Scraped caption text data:
..............................

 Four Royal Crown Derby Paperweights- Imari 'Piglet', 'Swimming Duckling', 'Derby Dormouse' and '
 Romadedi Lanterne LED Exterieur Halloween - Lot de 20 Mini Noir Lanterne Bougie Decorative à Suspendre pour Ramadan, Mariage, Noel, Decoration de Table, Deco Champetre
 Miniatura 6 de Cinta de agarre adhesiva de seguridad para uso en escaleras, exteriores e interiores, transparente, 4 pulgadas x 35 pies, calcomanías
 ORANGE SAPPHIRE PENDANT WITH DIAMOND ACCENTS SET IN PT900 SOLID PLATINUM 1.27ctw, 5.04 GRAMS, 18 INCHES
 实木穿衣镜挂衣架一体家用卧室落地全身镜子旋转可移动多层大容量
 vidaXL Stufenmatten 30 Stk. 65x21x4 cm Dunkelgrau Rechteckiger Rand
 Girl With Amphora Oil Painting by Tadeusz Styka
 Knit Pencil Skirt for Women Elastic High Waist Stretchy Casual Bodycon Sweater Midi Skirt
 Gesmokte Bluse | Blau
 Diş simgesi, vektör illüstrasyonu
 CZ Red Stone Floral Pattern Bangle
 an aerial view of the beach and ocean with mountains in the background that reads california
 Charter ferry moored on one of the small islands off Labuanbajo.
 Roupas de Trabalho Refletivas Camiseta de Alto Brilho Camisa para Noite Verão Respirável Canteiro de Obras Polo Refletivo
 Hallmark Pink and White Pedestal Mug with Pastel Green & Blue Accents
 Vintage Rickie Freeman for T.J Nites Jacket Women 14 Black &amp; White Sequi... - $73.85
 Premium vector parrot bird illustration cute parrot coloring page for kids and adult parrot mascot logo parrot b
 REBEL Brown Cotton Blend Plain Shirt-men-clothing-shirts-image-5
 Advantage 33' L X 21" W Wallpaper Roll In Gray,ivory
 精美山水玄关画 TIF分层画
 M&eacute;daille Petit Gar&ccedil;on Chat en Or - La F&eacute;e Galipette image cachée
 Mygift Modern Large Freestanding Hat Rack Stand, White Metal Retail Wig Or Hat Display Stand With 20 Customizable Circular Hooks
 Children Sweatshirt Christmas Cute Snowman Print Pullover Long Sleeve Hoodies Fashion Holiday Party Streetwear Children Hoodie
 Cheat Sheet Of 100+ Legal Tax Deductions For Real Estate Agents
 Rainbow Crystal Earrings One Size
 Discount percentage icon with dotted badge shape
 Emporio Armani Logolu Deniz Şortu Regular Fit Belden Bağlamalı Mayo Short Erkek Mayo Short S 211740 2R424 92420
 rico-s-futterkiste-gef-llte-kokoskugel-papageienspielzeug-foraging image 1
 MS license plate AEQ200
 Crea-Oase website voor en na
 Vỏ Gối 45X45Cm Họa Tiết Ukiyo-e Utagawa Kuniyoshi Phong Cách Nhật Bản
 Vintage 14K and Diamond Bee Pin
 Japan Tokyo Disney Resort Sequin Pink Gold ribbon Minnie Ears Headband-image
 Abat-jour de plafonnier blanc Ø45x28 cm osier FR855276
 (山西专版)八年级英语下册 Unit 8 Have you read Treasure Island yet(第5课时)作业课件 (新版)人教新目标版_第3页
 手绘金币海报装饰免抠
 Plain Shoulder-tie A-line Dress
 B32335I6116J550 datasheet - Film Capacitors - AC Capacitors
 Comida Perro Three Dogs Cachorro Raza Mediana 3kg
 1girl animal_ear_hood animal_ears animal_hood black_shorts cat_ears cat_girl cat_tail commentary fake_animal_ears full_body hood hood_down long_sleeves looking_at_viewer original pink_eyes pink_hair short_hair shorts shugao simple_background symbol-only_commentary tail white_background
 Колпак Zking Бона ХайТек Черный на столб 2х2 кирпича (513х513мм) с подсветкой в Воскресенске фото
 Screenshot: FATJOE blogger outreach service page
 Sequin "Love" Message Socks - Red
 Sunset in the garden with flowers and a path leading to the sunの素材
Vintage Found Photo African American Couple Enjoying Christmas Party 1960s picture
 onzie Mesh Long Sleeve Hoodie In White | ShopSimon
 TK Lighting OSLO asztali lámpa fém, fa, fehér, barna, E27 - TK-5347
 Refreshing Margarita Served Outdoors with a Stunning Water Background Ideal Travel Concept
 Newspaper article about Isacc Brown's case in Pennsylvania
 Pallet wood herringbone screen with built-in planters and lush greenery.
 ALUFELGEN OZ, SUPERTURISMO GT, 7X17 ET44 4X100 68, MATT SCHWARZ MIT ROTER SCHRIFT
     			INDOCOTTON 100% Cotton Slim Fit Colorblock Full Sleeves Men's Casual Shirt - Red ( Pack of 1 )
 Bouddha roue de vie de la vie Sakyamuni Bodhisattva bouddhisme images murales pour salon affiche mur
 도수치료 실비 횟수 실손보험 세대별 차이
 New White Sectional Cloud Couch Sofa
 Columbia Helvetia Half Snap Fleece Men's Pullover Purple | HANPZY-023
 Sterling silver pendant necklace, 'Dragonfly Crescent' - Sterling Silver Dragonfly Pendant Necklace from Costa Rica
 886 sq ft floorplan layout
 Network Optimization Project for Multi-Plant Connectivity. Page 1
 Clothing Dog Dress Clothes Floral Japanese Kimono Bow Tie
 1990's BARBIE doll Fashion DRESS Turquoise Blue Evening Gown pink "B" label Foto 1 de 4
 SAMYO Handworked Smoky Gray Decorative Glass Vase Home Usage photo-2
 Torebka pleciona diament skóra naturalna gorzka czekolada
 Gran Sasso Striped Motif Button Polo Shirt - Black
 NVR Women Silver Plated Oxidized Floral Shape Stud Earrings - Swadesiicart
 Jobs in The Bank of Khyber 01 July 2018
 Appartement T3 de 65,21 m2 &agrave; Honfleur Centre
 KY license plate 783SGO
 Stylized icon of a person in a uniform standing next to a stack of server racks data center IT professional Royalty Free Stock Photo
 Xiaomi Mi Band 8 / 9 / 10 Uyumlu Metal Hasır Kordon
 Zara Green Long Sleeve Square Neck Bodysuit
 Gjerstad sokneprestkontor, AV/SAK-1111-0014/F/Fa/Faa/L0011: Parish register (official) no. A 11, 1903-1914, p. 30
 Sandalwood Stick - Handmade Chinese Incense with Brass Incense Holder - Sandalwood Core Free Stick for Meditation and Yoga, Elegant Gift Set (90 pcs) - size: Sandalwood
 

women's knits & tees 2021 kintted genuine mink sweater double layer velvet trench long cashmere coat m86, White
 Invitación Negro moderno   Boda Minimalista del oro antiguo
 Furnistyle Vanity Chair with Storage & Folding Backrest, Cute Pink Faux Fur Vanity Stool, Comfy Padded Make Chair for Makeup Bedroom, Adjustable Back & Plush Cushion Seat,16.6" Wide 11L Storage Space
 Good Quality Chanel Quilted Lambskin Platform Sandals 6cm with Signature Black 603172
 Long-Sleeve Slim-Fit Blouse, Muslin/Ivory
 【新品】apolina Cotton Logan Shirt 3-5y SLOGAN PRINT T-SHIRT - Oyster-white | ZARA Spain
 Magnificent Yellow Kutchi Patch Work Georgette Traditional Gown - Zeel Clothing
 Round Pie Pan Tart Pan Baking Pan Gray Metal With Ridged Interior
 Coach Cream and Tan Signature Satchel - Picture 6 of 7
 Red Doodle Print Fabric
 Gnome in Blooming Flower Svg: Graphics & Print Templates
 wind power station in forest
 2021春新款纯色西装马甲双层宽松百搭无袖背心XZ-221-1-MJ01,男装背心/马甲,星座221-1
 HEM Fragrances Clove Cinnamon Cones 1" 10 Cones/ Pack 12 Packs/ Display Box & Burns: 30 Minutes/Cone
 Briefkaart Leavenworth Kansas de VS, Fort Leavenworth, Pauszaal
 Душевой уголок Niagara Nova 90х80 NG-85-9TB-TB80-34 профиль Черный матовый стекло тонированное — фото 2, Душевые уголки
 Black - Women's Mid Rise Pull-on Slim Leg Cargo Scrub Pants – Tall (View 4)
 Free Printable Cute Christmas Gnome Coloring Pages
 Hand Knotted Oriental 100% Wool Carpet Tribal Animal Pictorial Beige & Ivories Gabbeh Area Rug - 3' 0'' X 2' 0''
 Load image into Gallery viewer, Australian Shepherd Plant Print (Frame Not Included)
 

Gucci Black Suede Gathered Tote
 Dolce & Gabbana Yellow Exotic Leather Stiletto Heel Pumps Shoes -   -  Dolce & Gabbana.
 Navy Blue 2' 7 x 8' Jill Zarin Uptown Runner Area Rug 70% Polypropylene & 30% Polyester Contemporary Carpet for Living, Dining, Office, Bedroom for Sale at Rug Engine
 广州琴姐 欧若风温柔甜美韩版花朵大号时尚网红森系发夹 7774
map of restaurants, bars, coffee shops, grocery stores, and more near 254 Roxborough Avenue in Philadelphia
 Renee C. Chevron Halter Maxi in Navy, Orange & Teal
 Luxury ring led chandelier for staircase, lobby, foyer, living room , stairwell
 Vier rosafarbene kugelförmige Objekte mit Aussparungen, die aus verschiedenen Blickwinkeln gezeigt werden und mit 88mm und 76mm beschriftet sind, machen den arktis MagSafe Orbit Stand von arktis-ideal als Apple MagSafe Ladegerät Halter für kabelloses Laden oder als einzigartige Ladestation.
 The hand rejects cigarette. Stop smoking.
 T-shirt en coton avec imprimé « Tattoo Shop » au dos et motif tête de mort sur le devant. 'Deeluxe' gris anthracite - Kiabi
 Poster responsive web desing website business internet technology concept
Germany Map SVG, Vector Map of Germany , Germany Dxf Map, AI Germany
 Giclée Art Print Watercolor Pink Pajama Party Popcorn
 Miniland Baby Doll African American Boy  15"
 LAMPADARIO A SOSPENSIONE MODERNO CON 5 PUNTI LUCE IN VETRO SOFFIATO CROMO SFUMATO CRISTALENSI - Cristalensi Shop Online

..............................

WHAT YOU SHOULD DO
Begin with the line that contains "Black - Women's" and quote each line after it exactly, stopping after the last line of the data.

REPLY
 Black - Women's Mid Rise Pull-on Slim Leg Cargo Scrub Pants – Tall (View 4)
 Free Printable Cute Christmas Gnome Coloring Pages
 Hand Knotted Oriental 100% Wool Carpet Tribal Animal Pictorial Beige & Ivories Gabbeh Area Rug - 3' 0'' X 2' 0''
 Load image into Gallery viewer, Australian Shepherd Plant Print (Frame Not Included)
 

Gucci Black Suede Gathered Tote
 Dolce & Gabbana Yellow Exotic Leather Stiletto Heel Pumps Shoes -   -  Dolce & Gabbana.
 Navy Blue 2' 7 x 8' Jill Zarin Uptown Runner Area Rug 70% Polypropylene & 30% Polyester Contemporary Carpet for Living, Dining, Office, Bedroom for Sale at Rug Engine
 广州琴姐 欧若风温柔甜美韩版花朵大号时尚网红森系发夹 7774
map of restaurants, bars, coffee shops, grocery stores, and more near 254 Roxborough Avenue in Philadelphia
 Renee C. Chevron Halter Maxi in Navy, Orange & Teal
 Luxury ring led chandelier for staircase, lobby, foyer, living room , stairwell
 Vier rosafarbene kugelförmige Objekte mit Aussparungen, die aus verschiedenen Blickwinkeln gezeigt werden und mit 88mm und 76mm beschriftet sind, machen den arktis MagSafe Orbit Stand von arktis-ideal als Apple MagSafe Ladegerät Halter für kabelloses Laden oder als einzigartige Ladestation.
 The hand rejects cigarette. Stop smoking.
 T-shirt en coton avec imprimé « Tattoo Shop » au dos et motif tête de mort sur le devant. 'Deeluxe' gris anthracite - Kiabi
 Poster responsive web desing website business internet technology concept
Germany Map SVG, Vector Map of Germany , Germany Dxf Map, AI Germany
 Giclée Art Print Watercolor Pink Pajama Party Popcorn
 Miniland Baby Doll African American Boy  15"
 LAMPADARIO A SOSPENSIONE MODERNO CON 5 PUNTI LUCE IN VETRO SOFFIATO CROMO SFUMATO CRISTALENSI - Cristalensi Shop Online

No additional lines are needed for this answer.